When we look at any situation through another situation we are using metaphor. This is an intensely intellectual process. And all language arises by this means. (154)

Language, in turn, is said to be the channel or medium of all human experience:

language itself is the principal channel and view-maker of experience for men everywhere. (154)

More than 20 years later, at the end of McLuhan’s career, the same observation appears as follows:

language structures the way in which man thinks and perceives the world. It is the medium of both thought and perception as well as [of] communication. (‘Alphabet Mother of Invention’, 1977)

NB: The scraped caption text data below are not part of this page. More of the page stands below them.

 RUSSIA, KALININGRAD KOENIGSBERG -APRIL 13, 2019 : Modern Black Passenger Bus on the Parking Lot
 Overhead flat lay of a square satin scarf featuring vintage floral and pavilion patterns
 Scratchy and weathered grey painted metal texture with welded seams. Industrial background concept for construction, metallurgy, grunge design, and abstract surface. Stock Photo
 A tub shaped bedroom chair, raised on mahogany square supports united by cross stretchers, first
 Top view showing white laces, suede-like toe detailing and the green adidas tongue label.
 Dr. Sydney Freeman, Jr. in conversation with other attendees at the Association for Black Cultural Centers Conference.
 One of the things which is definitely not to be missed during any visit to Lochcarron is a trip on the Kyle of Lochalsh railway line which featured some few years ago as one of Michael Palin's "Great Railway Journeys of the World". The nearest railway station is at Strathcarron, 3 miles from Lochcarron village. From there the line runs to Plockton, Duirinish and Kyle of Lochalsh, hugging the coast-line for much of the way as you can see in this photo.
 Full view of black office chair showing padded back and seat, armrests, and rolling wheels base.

McLuhan’s point here is not that an individual language structures the way in which all its speakers perceive the world2. Instead, this “medium” of “thought and perception as well as [of] communication” is “language itself” as the repository of the possibilities of meaningful combination (like the table of elements in chemistry). McLuhan’s concern was rather with the fact that a human being has language at all and thereby “thinks and perceives the world”. This is the “miracle” he set out to explore:

As language itself [as “the medium of both thought and perception as well as communication”] is an infinitely greater work of art than [particular works of art like] the Iliad or the Aeneid, so is the creative act of ordinary human perception a greater thing and a more intricate process than any devised by philosophers or scientists. (157)

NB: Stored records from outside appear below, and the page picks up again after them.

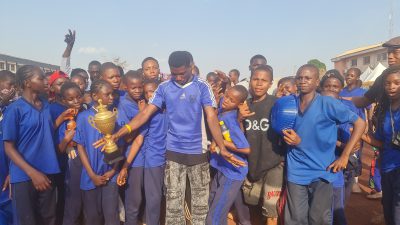 A group of students in blue jerseys posing with a gold trophy.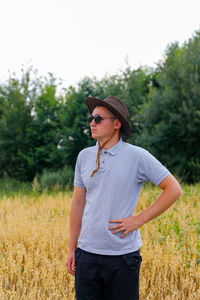 Crop and harvest. portrait of farmer standing in gold wheat field with blue sky in background. young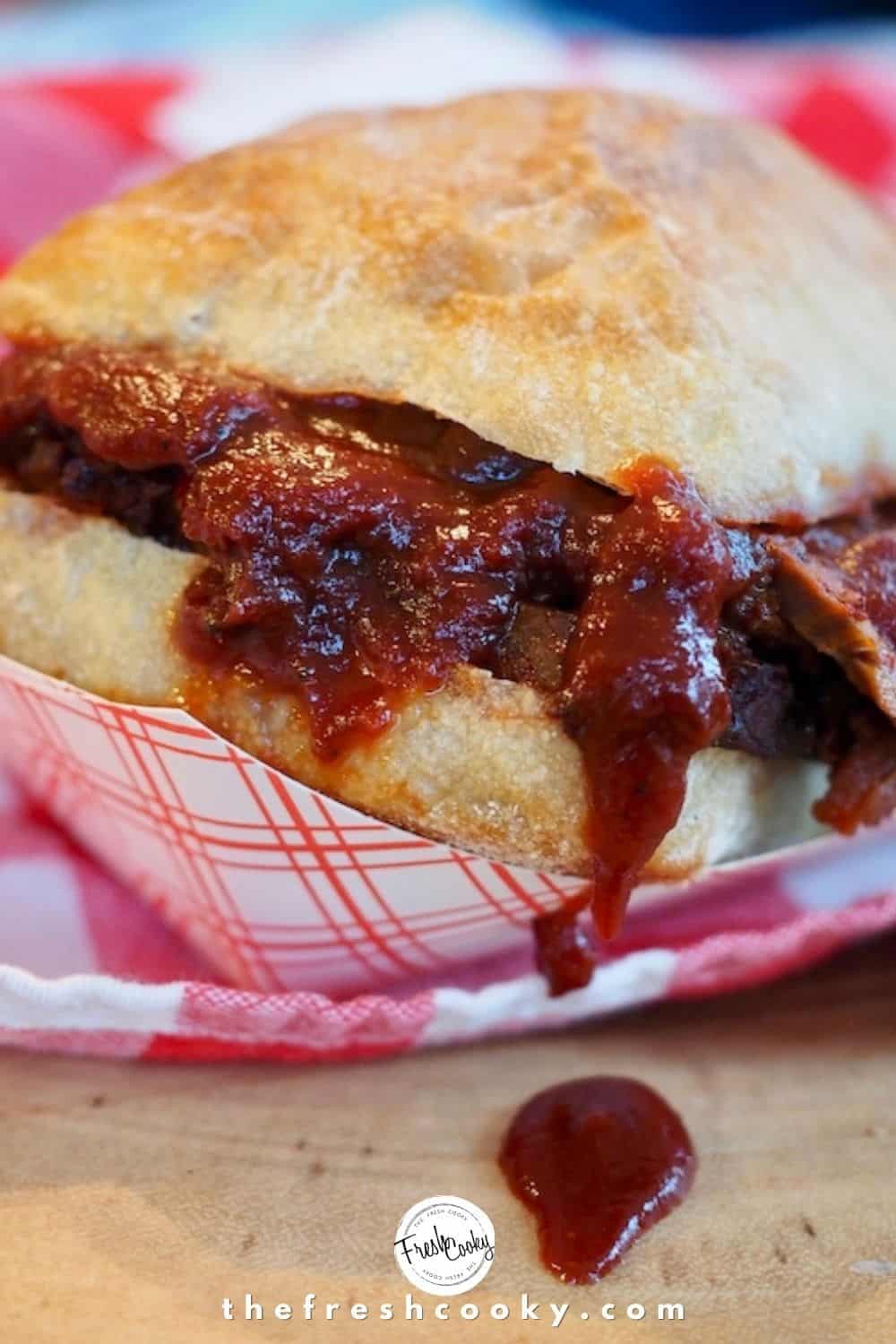 Pinterest Image ciabatta roll, stuffed with barbecue beef brisket sandwich with a drip of bbq sauce on wooden board. sitting on red and white checked napkin.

In ordinary perception men perform the miracle of recreating within themselves, in their interior faculties, the exterior world. This miracle is the work of the nous poietikos or of the agent intellect — that is, the poetic or creative process. The exterior world in every instant of perception is interiorized and recreated in a new matter. Ourselves.  (165)

What happens in perception is that “the exterior world” is apprehended or “recreated” in our interior world. These two ‘worlds’ are at once different3 and yet correlated and it is exactly the “principle” of such correlation over fundamental difference that is the “miracle”. As an example, consider language learning in a child. Although it hears sounds as soon as it is born, and presumably even before it is born in the womb, it must learn the particular sorts of correlation between sound and meaning instantiated in its native language.  This requires a certain distance from the noises it hears so that meaningful sound may be distinguished from random sound and the rules governing the former gradually recognized and reproduced. But this sort of recognition of a correlation between particular sounds and their meanings presupposes a deeper one between the child and the possibility of language learning and this deeper correlation is not subject to learning or any kind of assembly — it is what must already be in place in order for language learning to take place at all. Similarly, the correlations between sound and meaning in the language learned by a child are necessarily given, not created by it.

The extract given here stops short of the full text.